Task objective ▸ Give back only the lines in the records below from the one with "Aini Home Stay, hótel í Ternate" to the one with "Casa com 3 quartos à venda no Embaré, Santos", both inclusive, word for word.

Information given ▸
########

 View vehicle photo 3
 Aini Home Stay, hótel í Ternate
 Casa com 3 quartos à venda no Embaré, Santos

########

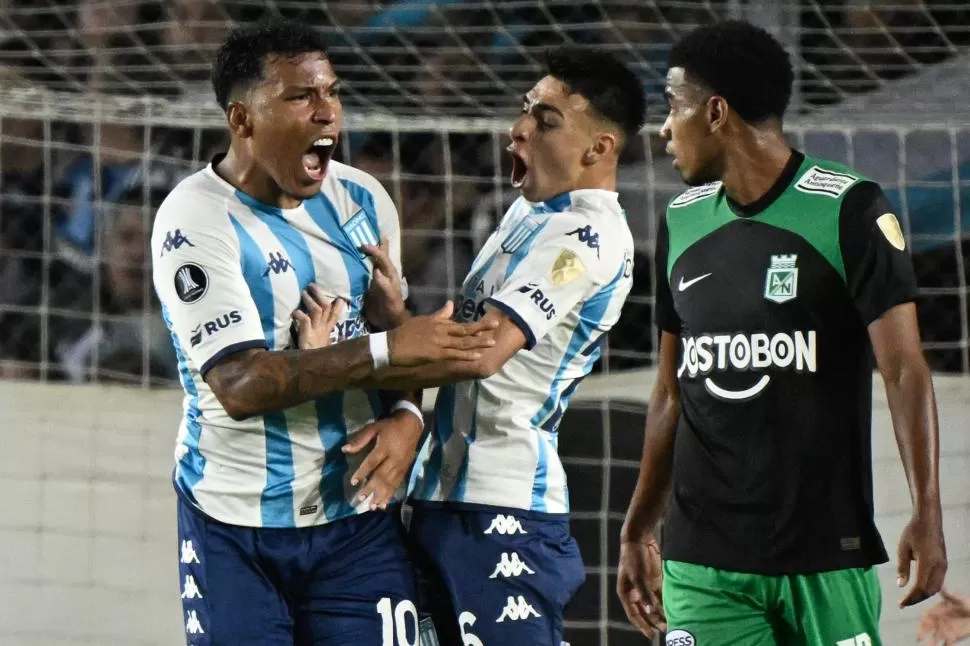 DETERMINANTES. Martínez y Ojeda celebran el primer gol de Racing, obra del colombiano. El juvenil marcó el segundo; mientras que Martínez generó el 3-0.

########

Reply ▸
 Aini Home Stay, hótel í Ternate
 Casa com 3 quartos à venda no Embaré, Santos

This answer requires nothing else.